## [THE TASK]
From the listing that follows, reproduce only the lines from the one holding "Schöne brünette hispanische" through the one holding "Plates Triangle Tasty", both included, with no pictures.

## [AVAILABLE RECORDS]
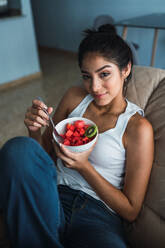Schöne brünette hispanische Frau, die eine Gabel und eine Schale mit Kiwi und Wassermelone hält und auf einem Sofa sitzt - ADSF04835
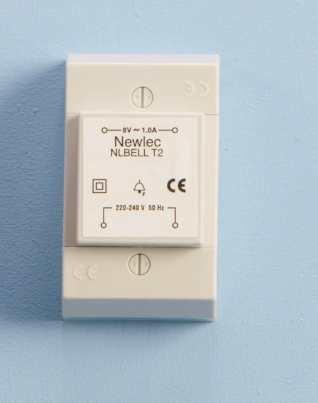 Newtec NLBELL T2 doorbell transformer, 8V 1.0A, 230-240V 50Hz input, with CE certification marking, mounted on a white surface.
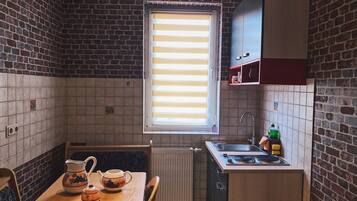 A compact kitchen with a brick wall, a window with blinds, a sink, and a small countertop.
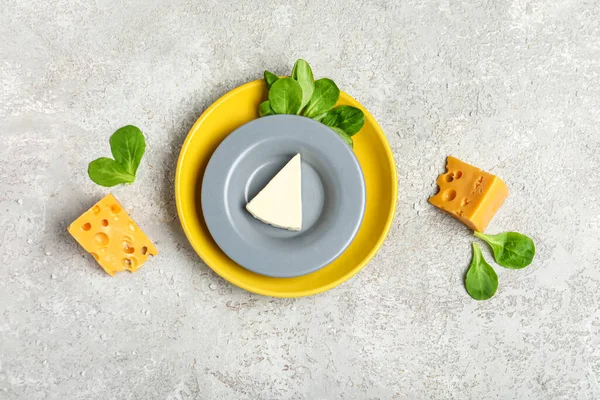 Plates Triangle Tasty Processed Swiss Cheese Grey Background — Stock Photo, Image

==

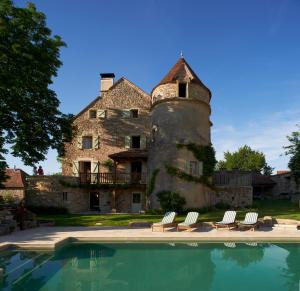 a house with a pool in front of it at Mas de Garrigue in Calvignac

## [SOLUTION TO THE EXERCISE]
Schöne brünette hispanische Frau, die eine Gabel und eine Schale mit Kiwi und Wassermelone hält und auf einem Sofa sitzt - ADSF04835
 Newtec NLBELL T2 doorbell transformer, 8V 1.0A, 230-240V 50Hz input, with CE certification marking, mounted on a white surface.
 A compact kitchen with a brick wall, a window with blinds, a sink, and a small countertop.
 Plates Triangle Tasty Processed Swiss Cheese Grey Background — Stock Photo, Image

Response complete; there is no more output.